▸ **WHAT IS BEING ASKED**
The answer is to be an exact copy of the lines below running from the line with "Vintage Holton Model" down to the line with "Strawberry Dog Sweater 7", both ends included, and nothing more.

DATA below:

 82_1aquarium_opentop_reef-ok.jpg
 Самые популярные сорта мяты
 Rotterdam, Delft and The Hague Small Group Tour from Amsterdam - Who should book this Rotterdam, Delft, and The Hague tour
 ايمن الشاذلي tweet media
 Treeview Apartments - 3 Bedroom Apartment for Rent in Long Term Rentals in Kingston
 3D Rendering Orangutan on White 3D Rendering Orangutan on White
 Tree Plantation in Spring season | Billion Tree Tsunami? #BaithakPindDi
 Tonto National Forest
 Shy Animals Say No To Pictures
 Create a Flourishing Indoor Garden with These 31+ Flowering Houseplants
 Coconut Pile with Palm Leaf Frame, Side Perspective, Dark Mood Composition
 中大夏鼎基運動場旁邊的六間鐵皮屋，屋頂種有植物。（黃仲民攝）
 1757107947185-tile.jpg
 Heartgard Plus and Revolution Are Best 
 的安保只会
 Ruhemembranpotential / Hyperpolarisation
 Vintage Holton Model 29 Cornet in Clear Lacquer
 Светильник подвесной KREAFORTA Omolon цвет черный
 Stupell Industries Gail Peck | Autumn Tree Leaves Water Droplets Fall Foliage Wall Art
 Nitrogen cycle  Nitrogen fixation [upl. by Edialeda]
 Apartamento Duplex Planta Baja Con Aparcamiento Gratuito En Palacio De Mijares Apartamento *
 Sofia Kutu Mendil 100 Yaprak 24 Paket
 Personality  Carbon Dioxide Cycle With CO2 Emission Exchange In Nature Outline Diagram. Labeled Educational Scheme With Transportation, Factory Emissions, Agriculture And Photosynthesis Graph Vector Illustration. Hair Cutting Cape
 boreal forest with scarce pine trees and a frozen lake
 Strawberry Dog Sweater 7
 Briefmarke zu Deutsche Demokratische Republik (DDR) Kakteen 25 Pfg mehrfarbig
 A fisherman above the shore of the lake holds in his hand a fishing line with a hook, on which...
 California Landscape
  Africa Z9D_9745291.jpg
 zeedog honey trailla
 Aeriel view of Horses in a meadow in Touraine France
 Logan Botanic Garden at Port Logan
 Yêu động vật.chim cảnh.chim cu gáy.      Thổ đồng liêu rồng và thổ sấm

End of DATA.

▸ **RESPONSE BOX**
 Vintage Holton Model 29 Cornet in Clear Lacquer
 Светильник подвесной KREAFORTA Omolon цвет черный
 Stupell Industries Gail Peck | Autumn Tree Leaves Water Droplets Fall Foliage Wall Art
 Nitrogen cycle  Nitrogen fixation [upl. by Edialeda]
 Apartamento Duplex Planta Baja Con Aparcamiento Gratuito En Palacio De Mijares Apartamento *
 Sofia Kutu Mendil 100 Yaprak 24 Paket
 Personality  Carbon Dioxide Cycle With CO2 Emission Exchange In Nature Outline Diagram. Labeled Educational Scheme With Transportation, Factory Emissions, Agriculture And Photosynthesis Graph Vector Illustration. Hair Cutting Cape
 boreal forest with scarce pine trees and a frozen lake
 Strawberry Dog Sweater 7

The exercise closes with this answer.